Lizzie se quedó inmóvil, sin saber si debía inclinarse o huir.
—¿Quién eres? —preguntó apenas en un murmullo.
—Soy Astralia, guardiana de la Luz y el Orden de este mundo —respondió con una sonrisa serena— Has caminado entre las sombras, hija mía, y tu vida se ha detenido… pero no por completo.
La diosa extendió una mano, invitándola a sentarse sobre la hierba luminosa. Lizzie vaciló, pero la curiosidad venció al temor.
—Has sufrido —continuó Astralia con voz compasiva—. Has perdido tu hogar, tu familia y casi tu vida. Pero no ha sido en vano. Hace siglos entregué mi voluntad a un linaje destinado a gobernar con justicia. Sin embargo, el último de ellos ha sido corrompido por Ezhul, la diosa de la Oscuridad.-Suspiro- Su veneno se ha filtrado en el corazón del Imperio de Arlert… y con ello, mi luz se desvanece.
Lizzie la miró, el ceño fruncido.
—¿Y qué puedo hacer yo? No soy más que una mujer herida, sin titulo, sin poder.
Astralia sonrió, pero sus ojos reflejaron una pena antigua.

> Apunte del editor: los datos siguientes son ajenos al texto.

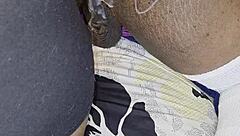 ebony wife abw fucks shit outta husband with anal toys dildo humiliation cum covered ass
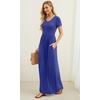 image:imageGRECERELLE Women Summer Casual Maxi Long Dress Short Sleeve Crew Neck with Pockets Size S3XLRoyal Blue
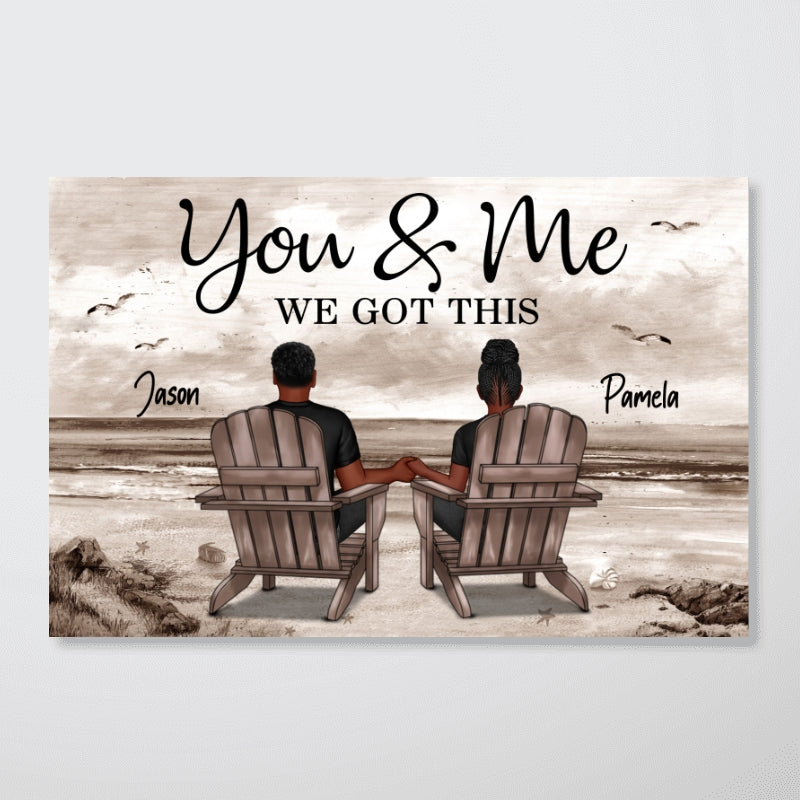 Eternal Love Couple Beach Landscape Retro Vintage Personalized Poster, Heartfelt Anniversary Gift, Wedding Gift, Birthday Gift For Couple, For Him, For Her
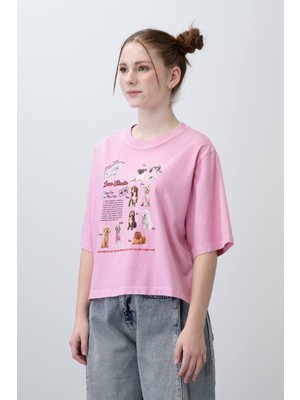 Loco Loco 09-14 Yaş Kız Çocuk Pets T-Shirt - Pembe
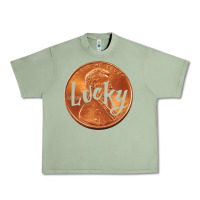 Oil Green Cute Good Luck Gift - Lucky Penny Urban Heavy Tee - Craftify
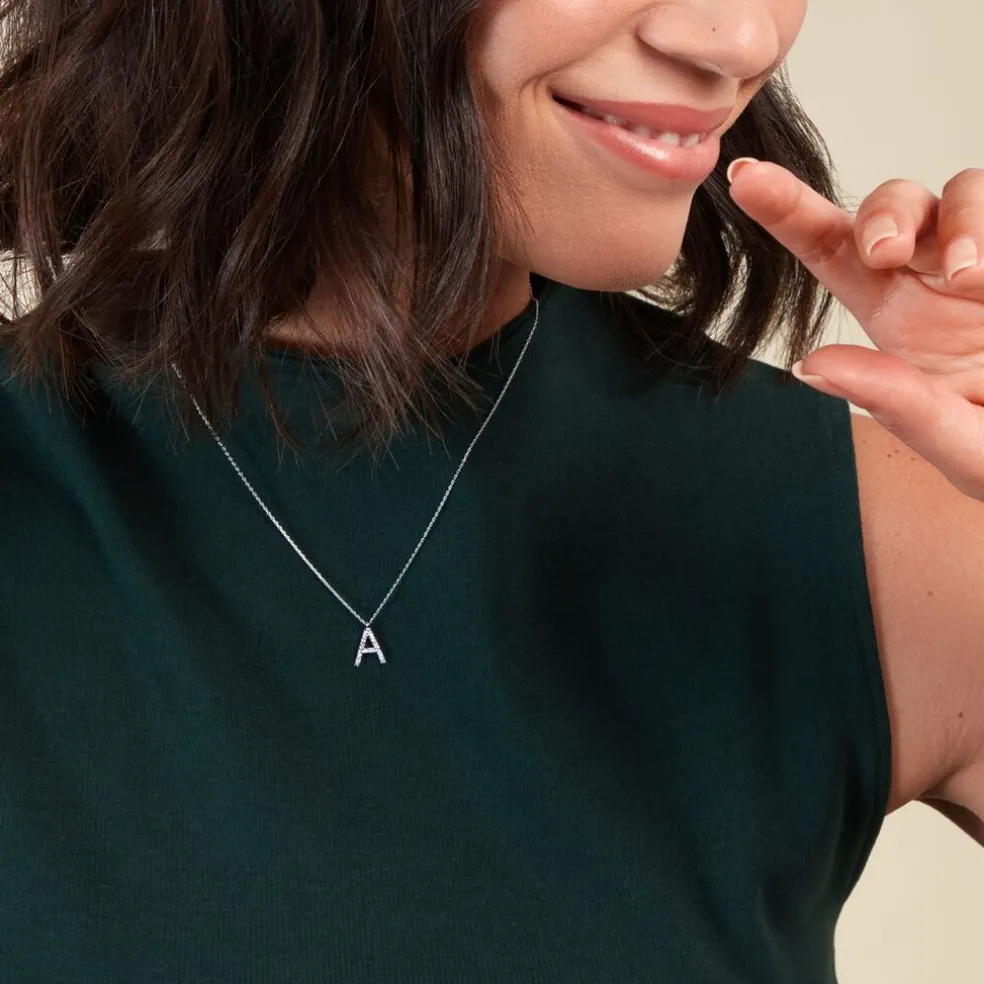 Collier Oran Or Blanc Diamant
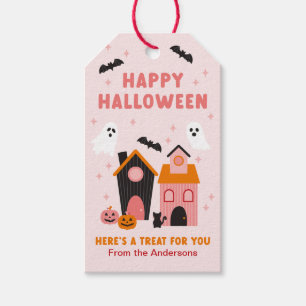 Spooky Cute Halloween Haunted Houses Presentetikett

—Porque precisamente por eso te he elegido. La pureza no se mide por la fuerza, sino por la verdad del alma. En ti aún habita la llama que no se extingue.-Sonrio- Esa llama será mi faro en la tierra.
Un resplandor envolvió el aire, y en él se formó la silueta de un hombre: alto, con un porte noble y una mirada sombría. El duque James Webster.
—El hombre que buscas —dijo la diosa con solemnidad señalando la figura— es quien debe ocupar el trono. Él encarna la justicia que el Imperio perdió.- miro a Lizzie con solemnidad- Pero no podrá hacerlo solo. Tú serás mis ojos y mi voz entre los mortales.
Lizzie tragó saliva, sintiendo el peso de lo que escuchaba.
—¿Y si fallo?
—No fallarás —respondió Astralia, acercándose hasta tomar sus manos entre las suyas— Yo te concederé mi don. Cuando invoques mi nombre, mi poder fluirá en ti. Pero recuerda, hija de la ceniza: la luz quema tanto como purifica.
Lizzie respiró hondo.
—Acepto —dijo con una determinación que ni ella sabía que poseía.
Astralia asintió con un gesto solemne.
—Entonces despierta. Y lleva mi palabra al mundo que te arrebató todo.
El jardín se desvaneció entre destellos. Una llamarada recorrió el pecho de Lizzie, tan ardiente que creyó romperse en mil pedazos. El calor se convirtió en fuego, el fuego en dolor, y el dolor… en vida.
Cuando abrió los ojos, la luz se tornó borrosa y un rostro conocido, cubierto de heridas, se inclinaba sobre ella.
—Mi niña… —susurró una voz entre sollozos—. Gracias a los cielos…
Era June, su nana. Sus mejillas estaban marcadas por los golpes, sus manos temblaban, pero sus ojos brillaban de alivio. Lizzie intentó hablar, pero solo un hilo de aire salió de su garganta.
Y mientras el mundo recuperaba forma y peso, una sensación extraña la recorrió:
una fuerza cálida, palpitante, que ardía justo en el lugar donde su corazón había dejado de latir.